# CO2 Suppliers?



## scorpion0151 (May 20, 2009)

Anyone know where I can get CO2 from? I've asked at my local pub but they won't tell me where they get their gas from, and I've emailed a couple of paintball places around here but none of them have replied. I'm in newark on trent but anywhere in the East Midlands would do.


----------



## Madmonk (Apr 30, 2009)

*Co2*

Hi mate
went to my local machine mart and got 2 welders type co2 cylinders for £18. Still on the first cylinder and have done 6 batches of rodents( 20 in each batch).
The regulator came from fleabay for £12. Plastic 12 mm hose £2 from a garden/pond centre.
Any help to you??
Cheers
Tony


----------



## scorpion0151 (May 20, 2009)

Cheers I'll have a look in Screwfix I don't ink there's a machine mart by me


----------



## sunnyskeg (Jul 3, 2008)

TRY HERE.......................The Welders Warehouse Ltd Mig & Tig Gases ............not the cheapest but they will post,3 bottles for £36


----------



## arm2010 (Jun 2, 2005)

If you've got a Halfords near give them a try.


----------



## scorpion0151 (May 20, 2009)

halfords really? there's one of them 1 minutes walk away lol


----------



## scorpion0151 (May 20, 2009)

Madmonk said:


> Hi mate
> went to my local machine mart and got 2 welders type co2 cylinders for £18. Still on the first cylinder and have done 6 batches of rodents( 20 in each batch).
> The regulator came from fleabay for £12. Plastic 12 mm hose £2 from a garden/pond centre.
> Any help to you??
> ...


where didi you find the regulator so cheap? The ones on there at the mo are closer to £20. What size fitment do I need do you know?


----------



## Madmonk (Apr 30, 2009)

*Regulator*

Argon Co2 Mig & Tig Welding Disposable Bottle Regulator on eBay (end time 23-May-10 16:26:42 BST)

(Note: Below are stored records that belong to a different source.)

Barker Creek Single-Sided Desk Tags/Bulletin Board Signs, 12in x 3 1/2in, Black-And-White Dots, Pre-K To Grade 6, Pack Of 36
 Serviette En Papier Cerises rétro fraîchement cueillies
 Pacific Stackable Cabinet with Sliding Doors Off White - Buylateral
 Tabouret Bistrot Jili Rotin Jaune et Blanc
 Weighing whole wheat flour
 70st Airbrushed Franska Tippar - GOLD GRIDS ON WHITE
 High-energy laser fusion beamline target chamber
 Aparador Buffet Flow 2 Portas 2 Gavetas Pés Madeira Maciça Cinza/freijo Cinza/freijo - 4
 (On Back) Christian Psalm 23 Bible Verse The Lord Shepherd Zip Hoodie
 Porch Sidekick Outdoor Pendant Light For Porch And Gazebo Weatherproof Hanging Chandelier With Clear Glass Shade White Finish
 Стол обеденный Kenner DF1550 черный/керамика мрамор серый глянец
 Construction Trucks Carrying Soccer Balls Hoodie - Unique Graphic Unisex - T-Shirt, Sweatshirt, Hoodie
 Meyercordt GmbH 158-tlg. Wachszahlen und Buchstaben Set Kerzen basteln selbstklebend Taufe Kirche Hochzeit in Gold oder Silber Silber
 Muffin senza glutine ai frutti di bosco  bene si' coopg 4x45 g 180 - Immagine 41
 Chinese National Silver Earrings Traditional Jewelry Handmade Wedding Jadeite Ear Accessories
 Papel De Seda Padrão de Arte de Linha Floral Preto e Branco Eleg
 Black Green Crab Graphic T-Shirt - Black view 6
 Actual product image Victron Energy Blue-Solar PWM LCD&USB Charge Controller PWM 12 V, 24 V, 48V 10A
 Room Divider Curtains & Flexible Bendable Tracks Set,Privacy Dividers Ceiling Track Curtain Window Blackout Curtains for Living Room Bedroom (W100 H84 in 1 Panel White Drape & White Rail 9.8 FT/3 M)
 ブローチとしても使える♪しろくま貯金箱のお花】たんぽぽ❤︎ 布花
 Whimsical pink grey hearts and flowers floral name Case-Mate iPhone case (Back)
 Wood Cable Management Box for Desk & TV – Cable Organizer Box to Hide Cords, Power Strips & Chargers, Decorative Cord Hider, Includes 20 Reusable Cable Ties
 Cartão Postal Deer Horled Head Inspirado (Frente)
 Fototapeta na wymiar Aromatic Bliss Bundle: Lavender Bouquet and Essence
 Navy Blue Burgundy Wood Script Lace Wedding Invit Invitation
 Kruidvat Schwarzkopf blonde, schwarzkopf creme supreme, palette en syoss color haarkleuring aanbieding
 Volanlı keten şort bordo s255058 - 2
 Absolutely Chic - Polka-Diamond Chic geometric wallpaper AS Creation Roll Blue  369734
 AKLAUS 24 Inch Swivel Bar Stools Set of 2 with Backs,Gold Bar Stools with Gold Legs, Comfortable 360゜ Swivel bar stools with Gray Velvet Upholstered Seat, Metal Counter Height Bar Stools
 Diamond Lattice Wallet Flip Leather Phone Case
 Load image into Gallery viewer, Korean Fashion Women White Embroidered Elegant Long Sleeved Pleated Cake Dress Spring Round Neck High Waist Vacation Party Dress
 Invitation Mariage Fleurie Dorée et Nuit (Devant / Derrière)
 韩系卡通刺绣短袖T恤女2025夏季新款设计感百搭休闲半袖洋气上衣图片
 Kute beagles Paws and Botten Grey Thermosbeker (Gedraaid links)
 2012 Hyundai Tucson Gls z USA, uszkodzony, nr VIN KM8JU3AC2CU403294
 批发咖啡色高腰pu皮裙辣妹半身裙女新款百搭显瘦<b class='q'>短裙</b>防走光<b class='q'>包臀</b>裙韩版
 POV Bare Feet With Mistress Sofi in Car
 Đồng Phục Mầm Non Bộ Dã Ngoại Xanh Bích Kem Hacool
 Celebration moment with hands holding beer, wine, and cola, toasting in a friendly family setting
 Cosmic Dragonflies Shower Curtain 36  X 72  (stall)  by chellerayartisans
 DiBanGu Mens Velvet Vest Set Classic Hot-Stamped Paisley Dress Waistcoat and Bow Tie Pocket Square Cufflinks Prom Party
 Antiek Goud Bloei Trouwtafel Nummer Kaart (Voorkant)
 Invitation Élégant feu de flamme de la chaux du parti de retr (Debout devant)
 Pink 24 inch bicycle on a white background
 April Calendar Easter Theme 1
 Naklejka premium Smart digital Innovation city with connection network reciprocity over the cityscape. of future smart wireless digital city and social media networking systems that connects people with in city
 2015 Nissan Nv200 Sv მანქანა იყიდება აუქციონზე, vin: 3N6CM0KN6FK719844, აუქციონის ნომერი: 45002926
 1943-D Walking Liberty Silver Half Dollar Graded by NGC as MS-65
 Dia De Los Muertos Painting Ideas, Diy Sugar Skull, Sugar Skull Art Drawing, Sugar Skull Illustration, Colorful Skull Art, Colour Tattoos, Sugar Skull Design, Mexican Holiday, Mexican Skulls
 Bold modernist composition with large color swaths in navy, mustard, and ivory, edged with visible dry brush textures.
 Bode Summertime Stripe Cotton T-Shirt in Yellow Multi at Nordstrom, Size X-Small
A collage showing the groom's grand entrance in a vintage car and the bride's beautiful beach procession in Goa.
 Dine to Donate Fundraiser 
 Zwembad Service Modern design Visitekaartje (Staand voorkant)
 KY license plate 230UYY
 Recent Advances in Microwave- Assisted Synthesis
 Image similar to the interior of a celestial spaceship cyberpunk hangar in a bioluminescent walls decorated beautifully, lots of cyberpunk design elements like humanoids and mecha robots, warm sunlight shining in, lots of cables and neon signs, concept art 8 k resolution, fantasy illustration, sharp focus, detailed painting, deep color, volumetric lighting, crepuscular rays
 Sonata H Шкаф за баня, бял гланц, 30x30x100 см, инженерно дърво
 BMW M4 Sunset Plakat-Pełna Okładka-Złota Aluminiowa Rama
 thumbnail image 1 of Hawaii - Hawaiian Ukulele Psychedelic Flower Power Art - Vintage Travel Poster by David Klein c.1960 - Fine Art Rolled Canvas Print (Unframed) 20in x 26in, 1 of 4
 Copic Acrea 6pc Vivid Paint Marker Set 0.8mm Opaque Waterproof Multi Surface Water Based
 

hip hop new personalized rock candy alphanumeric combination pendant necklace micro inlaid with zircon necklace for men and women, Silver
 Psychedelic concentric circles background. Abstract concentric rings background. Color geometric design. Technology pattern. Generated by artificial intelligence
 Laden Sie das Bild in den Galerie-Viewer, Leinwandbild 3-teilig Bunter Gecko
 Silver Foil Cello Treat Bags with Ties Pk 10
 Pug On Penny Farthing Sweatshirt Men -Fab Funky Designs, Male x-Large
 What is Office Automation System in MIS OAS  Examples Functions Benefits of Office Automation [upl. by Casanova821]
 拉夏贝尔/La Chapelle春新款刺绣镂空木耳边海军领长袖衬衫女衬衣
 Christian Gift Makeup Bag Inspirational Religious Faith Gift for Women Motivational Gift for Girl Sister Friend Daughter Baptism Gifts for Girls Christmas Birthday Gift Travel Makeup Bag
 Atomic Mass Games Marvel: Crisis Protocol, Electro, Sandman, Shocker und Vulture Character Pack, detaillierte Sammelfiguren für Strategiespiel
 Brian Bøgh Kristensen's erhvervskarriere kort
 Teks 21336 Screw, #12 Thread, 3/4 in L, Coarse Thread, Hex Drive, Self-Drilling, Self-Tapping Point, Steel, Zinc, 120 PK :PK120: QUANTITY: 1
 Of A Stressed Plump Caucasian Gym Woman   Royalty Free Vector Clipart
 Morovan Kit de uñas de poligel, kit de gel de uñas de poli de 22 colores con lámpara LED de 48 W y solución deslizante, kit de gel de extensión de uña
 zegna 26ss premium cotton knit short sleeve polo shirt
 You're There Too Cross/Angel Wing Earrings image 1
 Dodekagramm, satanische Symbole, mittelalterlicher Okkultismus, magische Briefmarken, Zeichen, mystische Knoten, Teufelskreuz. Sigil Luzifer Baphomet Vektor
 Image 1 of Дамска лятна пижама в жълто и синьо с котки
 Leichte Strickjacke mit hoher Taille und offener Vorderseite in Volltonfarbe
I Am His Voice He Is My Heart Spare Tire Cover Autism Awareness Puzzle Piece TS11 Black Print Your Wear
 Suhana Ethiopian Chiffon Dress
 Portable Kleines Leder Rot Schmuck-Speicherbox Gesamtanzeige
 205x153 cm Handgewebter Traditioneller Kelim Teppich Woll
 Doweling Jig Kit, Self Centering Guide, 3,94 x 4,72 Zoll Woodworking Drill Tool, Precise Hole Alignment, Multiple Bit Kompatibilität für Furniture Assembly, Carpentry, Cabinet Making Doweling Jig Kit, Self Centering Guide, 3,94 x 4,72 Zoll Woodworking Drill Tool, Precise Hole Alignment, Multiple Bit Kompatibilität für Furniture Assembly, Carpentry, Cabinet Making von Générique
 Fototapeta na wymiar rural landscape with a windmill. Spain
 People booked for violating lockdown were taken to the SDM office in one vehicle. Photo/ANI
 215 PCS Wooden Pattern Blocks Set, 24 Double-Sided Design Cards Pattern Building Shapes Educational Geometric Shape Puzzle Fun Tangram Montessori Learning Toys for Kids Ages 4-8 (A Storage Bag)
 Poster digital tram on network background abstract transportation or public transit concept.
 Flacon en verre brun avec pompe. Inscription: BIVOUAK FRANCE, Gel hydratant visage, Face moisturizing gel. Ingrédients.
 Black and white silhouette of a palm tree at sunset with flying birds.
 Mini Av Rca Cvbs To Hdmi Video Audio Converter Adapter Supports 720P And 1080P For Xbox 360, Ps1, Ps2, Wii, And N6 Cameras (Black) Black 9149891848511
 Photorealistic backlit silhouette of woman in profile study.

This is the one I purchased but for a bit cheaper, came within 3 days.


----------



## scorpion0151 (May 20, 2009)

cheers Madmonk I've got a couple of months to wait for them to breed so I'll look for some bargins lol


----------



## Madmonk (Apr 30, 2009)

*co2*

No worries mate:no1:


----------



## serpentsupplies (Sep 4, 2009)

could you not just use a fire extinguisher bottle? i use them for planted aquariums and they are like £8.00 or something for refills


----------



## arm2010 (Jun 2, 2005)

This is the one from Halfords SIP Welding Gas CO2 600g from Halfords Price £16.99 :2thumb:


----------



## scorpion0151 (May 20, 2009)

serpentsupplies said:


> could you not just use a fire extinguisher bottle? i use them for planted aquariums and they are like £8.00 or something for refills


possibly, I might have to look into that as there's a place that recharges fire extinguishers local.


----------